In Irland galt eines der strengsten Abtreibungsgesetze in ganz Europa, laut dem Schwangerschaftsabbrüche auch bei Vergewaltigung, Inzest und einem kranken Fötus strafbar waren. ROSA-Aktivist*innen dort setzten sich dafür ein, dass die Abtreibungspille verfügbar und zugänglich ist, und fuhren sogar mit einem "Abtreibungspillen-Bus" durch das ganze Land. Nach weiteren jahrelangen Kampagnen wurde der Druck von unten schließlich so groß, dass es 2018 gelang, mit einem Referendum das Abtreibungsverbot zu kippen.

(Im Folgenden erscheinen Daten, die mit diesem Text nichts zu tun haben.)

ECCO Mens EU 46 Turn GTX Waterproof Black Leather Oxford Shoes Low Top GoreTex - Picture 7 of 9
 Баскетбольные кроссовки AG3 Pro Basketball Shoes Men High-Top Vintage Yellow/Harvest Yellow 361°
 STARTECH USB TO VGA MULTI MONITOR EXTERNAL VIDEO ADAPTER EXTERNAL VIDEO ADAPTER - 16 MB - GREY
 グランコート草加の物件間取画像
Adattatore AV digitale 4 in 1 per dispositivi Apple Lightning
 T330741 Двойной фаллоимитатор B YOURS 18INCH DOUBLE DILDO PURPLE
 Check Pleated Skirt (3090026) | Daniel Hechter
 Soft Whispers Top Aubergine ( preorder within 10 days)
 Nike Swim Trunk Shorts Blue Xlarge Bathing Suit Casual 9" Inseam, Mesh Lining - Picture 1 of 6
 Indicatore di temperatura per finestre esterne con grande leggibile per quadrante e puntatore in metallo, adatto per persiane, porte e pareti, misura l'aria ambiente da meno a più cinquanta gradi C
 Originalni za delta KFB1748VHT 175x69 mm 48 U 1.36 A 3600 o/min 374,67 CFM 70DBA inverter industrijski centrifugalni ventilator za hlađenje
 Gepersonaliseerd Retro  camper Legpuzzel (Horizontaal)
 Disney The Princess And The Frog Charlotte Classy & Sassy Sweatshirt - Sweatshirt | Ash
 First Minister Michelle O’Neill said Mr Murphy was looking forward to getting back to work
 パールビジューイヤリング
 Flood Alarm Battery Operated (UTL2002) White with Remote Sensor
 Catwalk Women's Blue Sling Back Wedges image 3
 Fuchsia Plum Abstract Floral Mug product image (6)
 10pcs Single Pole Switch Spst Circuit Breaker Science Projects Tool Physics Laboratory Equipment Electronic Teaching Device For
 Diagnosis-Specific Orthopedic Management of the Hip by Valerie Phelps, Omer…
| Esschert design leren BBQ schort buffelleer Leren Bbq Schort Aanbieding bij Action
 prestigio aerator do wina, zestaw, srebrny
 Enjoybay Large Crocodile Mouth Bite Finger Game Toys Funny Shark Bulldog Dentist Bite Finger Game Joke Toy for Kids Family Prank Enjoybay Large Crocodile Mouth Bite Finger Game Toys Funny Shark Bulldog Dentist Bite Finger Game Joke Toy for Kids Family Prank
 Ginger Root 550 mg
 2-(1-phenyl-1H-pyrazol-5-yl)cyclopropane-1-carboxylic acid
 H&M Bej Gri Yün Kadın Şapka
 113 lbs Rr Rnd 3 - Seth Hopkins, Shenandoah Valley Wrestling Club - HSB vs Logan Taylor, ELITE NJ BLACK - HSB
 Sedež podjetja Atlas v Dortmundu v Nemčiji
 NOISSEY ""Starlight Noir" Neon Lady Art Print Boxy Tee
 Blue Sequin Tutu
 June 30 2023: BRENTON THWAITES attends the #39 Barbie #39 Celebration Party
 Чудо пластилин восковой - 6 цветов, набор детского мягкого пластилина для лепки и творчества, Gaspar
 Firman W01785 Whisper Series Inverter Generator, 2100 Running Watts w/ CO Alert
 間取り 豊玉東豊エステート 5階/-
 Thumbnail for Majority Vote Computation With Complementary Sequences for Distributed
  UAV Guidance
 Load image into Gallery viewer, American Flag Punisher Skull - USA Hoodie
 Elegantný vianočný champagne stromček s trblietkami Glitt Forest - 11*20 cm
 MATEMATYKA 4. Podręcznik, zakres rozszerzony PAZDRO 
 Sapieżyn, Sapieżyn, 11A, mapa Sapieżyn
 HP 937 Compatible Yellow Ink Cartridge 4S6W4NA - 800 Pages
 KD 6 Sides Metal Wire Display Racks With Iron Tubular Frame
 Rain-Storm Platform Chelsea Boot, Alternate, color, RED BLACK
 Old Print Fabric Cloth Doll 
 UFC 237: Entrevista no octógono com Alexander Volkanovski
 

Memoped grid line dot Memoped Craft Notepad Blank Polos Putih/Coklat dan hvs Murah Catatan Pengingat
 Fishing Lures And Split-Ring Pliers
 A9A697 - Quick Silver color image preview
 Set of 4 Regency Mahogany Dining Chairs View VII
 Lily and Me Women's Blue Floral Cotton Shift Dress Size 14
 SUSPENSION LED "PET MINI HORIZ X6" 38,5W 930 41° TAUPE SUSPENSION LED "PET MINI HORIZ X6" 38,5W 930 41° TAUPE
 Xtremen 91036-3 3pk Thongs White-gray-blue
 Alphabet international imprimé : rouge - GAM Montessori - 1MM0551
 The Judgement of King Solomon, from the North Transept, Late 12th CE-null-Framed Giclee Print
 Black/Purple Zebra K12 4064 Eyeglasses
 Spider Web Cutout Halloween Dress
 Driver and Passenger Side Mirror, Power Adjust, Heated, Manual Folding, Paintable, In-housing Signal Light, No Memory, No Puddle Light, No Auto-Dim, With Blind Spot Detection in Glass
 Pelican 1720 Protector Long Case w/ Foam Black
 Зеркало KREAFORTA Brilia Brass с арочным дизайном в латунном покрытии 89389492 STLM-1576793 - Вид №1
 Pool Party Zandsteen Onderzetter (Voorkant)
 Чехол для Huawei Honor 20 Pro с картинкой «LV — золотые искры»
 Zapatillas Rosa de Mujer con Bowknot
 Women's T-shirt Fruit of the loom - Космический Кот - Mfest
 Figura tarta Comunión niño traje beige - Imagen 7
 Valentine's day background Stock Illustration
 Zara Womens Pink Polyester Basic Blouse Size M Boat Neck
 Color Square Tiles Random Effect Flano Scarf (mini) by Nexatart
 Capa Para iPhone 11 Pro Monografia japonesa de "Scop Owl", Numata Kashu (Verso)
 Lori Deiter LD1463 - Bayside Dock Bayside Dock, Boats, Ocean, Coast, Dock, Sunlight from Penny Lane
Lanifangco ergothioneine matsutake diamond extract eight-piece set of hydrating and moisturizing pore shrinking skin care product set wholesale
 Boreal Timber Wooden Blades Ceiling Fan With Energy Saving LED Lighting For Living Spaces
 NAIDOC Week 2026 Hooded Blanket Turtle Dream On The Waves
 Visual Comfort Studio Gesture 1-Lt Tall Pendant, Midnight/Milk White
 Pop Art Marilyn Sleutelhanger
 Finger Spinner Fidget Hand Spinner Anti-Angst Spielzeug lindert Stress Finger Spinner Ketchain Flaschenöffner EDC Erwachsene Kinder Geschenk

Auch Feminist*innen in Argentinien konnten nach jahrelangem Kampf und Massenmobilisierungen 2020 einen Erfolg verzeichnen - seit Ende des Jahres sind dort Schwangerschaftsabbrüche bis zur 14. Woche erlaubt.
Wir müssen uns auch in Österreich organisieren, um die Angriffe auf das Recht auf Abtreibung zurückzuschlagen und unsere körperliche Selbstbestimmung erhalten zu können.
Unsere Forderungen
Wir können uns nicht auf rechtliche Gleichstellung verlassen. Wir brauchen nicht nur ein echtes Recht auf kostenlose, jederzeit zugängliche Schwangerschaftsabbrüche in jedem größeren Krankenhaus, sondern auch Gewaltschutz, leistbaren und sicheren Wohnraum und eine gute Sexualaufklärung. Verhütungsmittel sollten kostenlos zugänglich sein. Weiters brauchen wir eine kostenlose, ganztägige Kinderbetreuung zur Unterstützung berufstätiger Eltern.
Im Kapitalismus werden wir das alles nicht erreichen. Unsere Rechte werden immer wieder angegriffen werden, solange das Kapital nicht davon profitiert. Wir brauchen eine Systemalternative!